BUENOS AIRES, Argentina – Hoping to soothe jittery investors, President Fernando De la Rua insisted Tuesday that Argentina would keep up its debt payments to investors and maintain the peso's one-to-one peg with the U.S. dollar.
"There will be no devaluation, no default," he told reporters at Government House shortly after the Buenos Aires stock market opened.
Argentine stocks and bonds continued to weaken in early trading as investors worried about the country's ability to avoid a debt default after the government delayed the unveiling of a new economic recovery program.
The Merval Index of leading shares fell 3.2 percent to 212.49 points early Tuesday, a day after the closing down 8.7 percent Monday.

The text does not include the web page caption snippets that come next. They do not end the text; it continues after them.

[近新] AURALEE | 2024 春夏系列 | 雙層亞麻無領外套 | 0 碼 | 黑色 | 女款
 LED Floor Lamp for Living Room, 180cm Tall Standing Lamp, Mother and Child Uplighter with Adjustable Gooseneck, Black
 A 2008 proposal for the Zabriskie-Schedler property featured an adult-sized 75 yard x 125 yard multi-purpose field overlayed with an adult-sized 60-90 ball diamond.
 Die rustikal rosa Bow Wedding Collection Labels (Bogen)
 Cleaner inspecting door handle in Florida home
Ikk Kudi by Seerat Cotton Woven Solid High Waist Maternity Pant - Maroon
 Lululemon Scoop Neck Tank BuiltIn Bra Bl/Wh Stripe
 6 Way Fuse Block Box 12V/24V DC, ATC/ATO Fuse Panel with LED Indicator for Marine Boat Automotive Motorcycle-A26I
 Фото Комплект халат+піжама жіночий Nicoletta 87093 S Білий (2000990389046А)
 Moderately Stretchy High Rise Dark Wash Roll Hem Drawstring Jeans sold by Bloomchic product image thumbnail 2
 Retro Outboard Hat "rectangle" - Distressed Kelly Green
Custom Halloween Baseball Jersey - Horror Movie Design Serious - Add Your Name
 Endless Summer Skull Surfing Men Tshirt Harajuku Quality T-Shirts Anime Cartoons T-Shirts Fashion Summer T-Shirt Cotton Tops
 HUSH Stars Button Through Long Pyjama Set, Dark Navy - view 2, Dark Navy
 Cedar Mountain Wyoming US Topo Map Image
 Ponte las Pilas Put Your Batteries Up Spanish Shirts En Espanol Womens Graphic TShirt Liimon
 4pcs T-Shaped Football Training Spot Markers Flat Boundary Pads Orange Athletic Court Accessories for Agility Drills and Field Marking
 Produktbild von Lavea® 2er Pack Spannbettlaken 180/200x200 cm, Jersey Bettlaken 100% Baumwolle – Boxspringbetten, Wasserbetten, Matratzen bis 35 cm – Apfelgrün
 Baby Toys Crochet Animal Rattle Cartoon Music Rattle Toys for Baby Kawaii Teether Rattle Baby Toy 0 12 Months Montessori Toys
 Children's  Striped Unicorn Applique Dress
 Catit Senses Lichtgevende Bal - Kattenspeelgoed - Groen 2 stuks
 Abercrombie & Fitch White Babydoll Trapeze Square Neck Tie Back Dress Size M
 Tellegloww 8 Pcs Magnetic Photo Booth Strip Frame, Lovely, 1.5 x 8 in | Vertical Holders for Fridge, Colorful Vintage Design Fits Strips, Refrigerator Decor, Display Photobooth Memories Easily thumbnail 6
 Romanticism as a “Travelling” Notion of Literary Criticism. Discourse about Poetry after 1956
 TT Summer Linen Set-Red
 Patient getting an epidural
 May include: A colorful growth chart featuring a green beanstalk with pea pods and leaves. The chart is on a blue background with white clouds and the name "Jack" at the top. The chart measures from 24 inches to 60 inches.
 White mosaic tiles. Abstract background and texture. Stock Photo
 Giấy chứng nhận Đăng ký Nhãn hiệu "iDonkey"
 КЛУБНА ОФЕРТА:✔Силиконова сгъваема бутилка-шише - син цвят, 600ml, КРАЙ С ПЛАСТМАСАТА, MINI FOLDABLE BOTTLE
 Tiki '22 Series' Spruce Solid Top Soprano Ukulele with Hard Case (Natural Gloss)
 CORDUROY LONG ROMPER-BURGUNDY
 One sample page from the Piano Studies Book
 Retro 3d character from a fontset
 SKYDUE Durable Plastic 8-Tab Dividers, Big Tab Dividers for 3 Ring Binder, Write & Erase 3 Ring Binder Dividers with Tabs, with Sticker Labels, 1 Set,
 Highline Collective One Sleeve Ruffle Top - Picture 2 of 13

Signaling souring investor sentiment, Argentina's country risk rating — a barometer of investor confidence in Argentine bonds — continue to climb over the 2,000 mark, meaning South America's second-largest economy ranks as one of the riskiest investments in the world.
Market watchers said investors were growing impatient with repeated delays in the rollout of the government's economic package, first expected two weeks ago. The measures have been held up by De la Rua's failed attempts to reach a key accord with provincial governors over how to distribute millions of dollars in tax revenue.
De la Rua said his government was working to ensure that the new measures prove effective in lifting the country out of protracted recession.
"I want the programs that we implement to have the signs of participation (by all sides) and that they're understood by everyone," he said.
The economic package is aimed at ending a 40-month recession and avoiding a default on $132 billion in debt. It is expected to include a tax cut to boost consumer spending, reductions in government spending, aid to struggling companies and a debt swap.
Over the weekend, Economy Minister Domingo Cavallo said the government will seek to restructure its hefty debt load by offering greater payment guarantees to creditors in exchange for lower interest rates.
Cavallo offered few details on how the voluntary restructuring might work, but said he was seeking the support of the Group of Seven industrialized nations and the International Monetary Fund.
Argentine bonds make up nearly a quarter of all emerging market debt worldwide, and it was unclear how many foreign lenders would be willing to swap new bonds for lower interest rates.
"I think people sense that you're going to be left with something you'd rather not have," said Christian Stracke, an emerging markets analyst at Commerzbank Securities in New York.